At any rate, there is another reason why we find the alleged participation of
the appellant in the killing of Lloyd Peñacerrada doubtful — it is contrary to our
customs and traditions. Under the Filipino family tradition and culture, aging
parents are sheltered and insulated by their adult children from any possible
physical and emotional harm. It is therefore improbable for the other accused
who are much younger and at the prime of their manhood, to summon the aid
or allow the participation of their 65-year old 49 father, the appellant, in the
killing of their lone adversary, granting that the victim was indeed an adversary.

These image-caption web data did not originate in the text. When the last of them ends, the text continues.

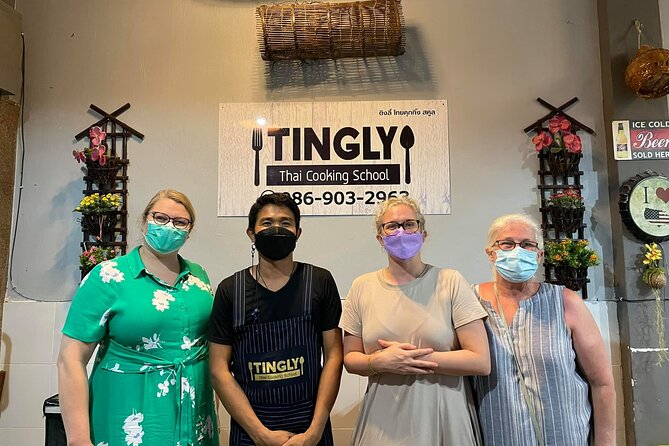 Thai cooking class experience in Bangkok with Tingly Thai cooking school - The teachers make the difference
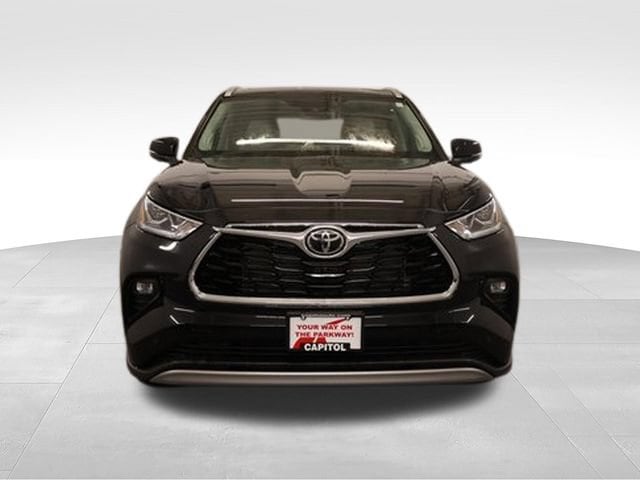 2026 Toyota Highlander Platinum - Photo 6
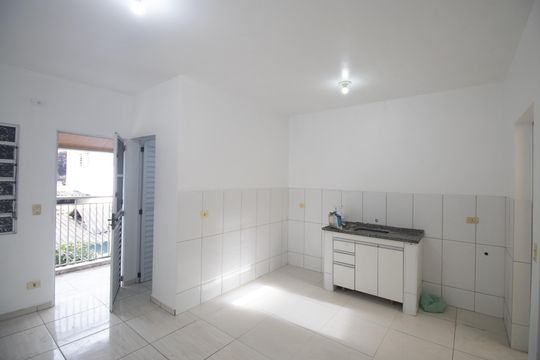 Sala / Cozinha  de apartamento para alugar com 1 quarto, 35m² em Vila Nova Galvão, São Paulo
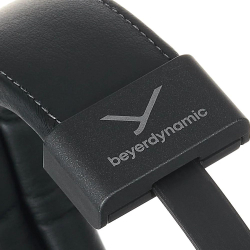 Beyerdynamic DT 1990 PRO mkII - открытые полноразмерные студийные наушники, 30 ом
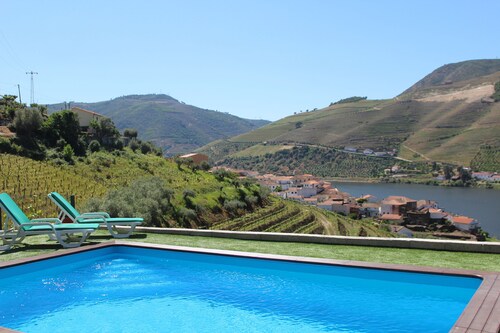 Vacation home with pool in the Douro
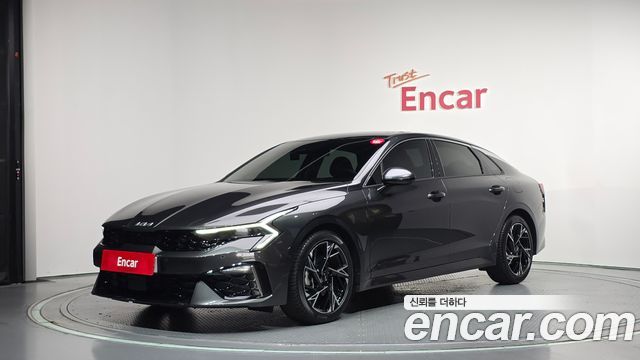 Kia K5 2025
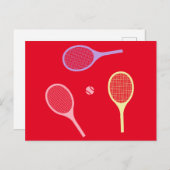 Pastel Tennis Rackets mit Tennisball auf Rot Postkarte (Vorne/Hinten)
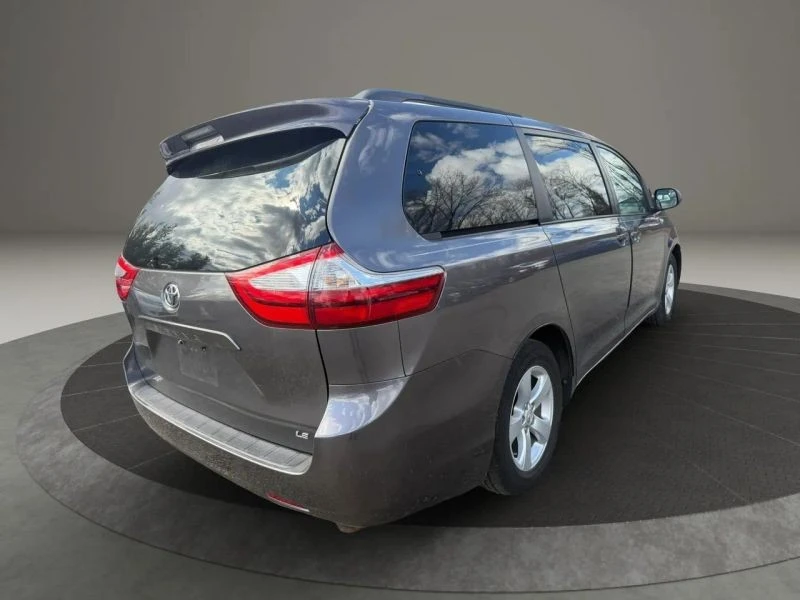 2015 Toyota Sienna 3rd Gen - Image 5 of 12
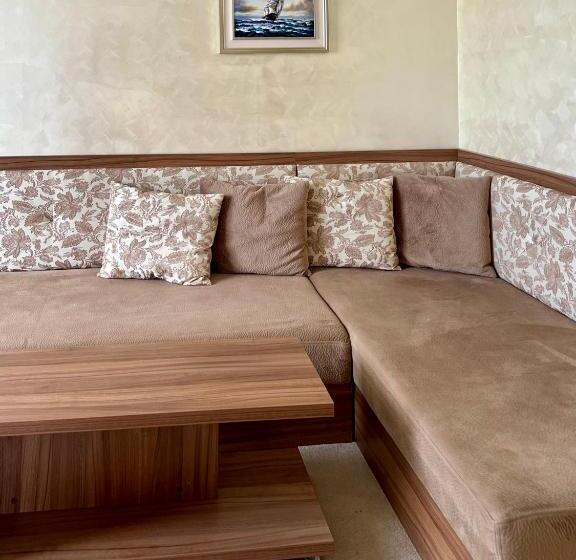 شقة غرفة واحدة, Family Hotel Kontesa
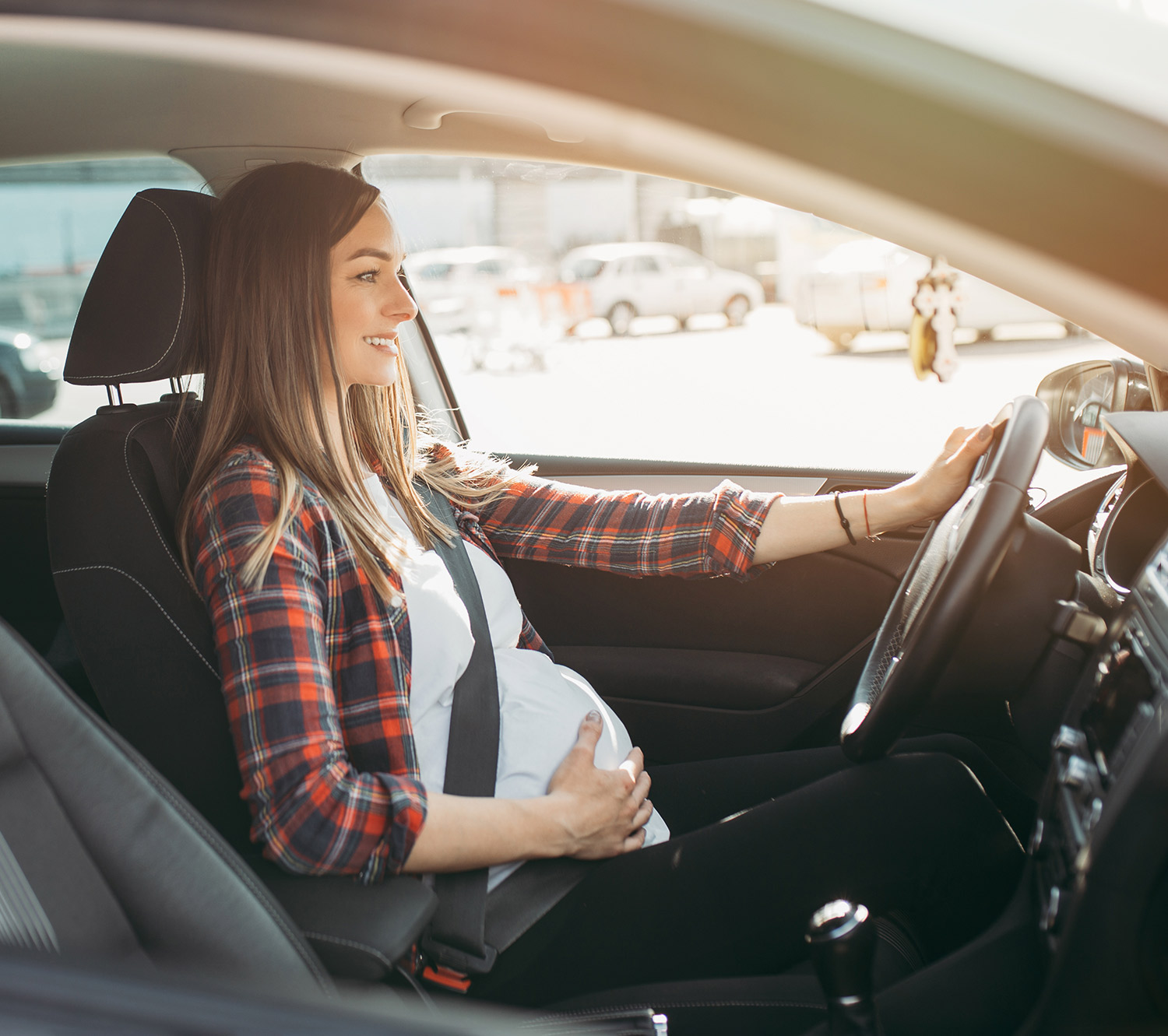 Babybauch in Sicherheit: Autofahren in der Schwangerschaft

And considering that the appellant's residence was about one kilometer from
the scene of the crime, 50 we seriously doubt that the appellant went there just
for the purpose of aiding his three robust male sons (Custodia Jr., Nerio, and
Augusta), not to mention the brother and sister, Rogelio and Fausta, in the
killing of Lloyd Peñacerrada, even if the latter were a perceived enemy.
Finally, while indeed alibi is a weak defense, 51 under appropriate
circumstances, like in the instant case in which the participation of the
appellant is not beyond cavil it may be considered as exculpatory. Courts
should not at once look with disfavor at the defense of alibi for if taken in the
light of the other evidence on record, it may be sufficient to acquit the
accused. 52
In fine, the guilt of the appellant has not been proven beyond reasonable
doubt.
WHEREFORE, the Decision of the Court of Appeals is REVERSED and SET
ASIDE and the appellant is hereby ACQUITTED. Costs de oficio.
SO ORDERED.
Melencio-Herrera, Paras, Padilla and Regalado, JJ., concur.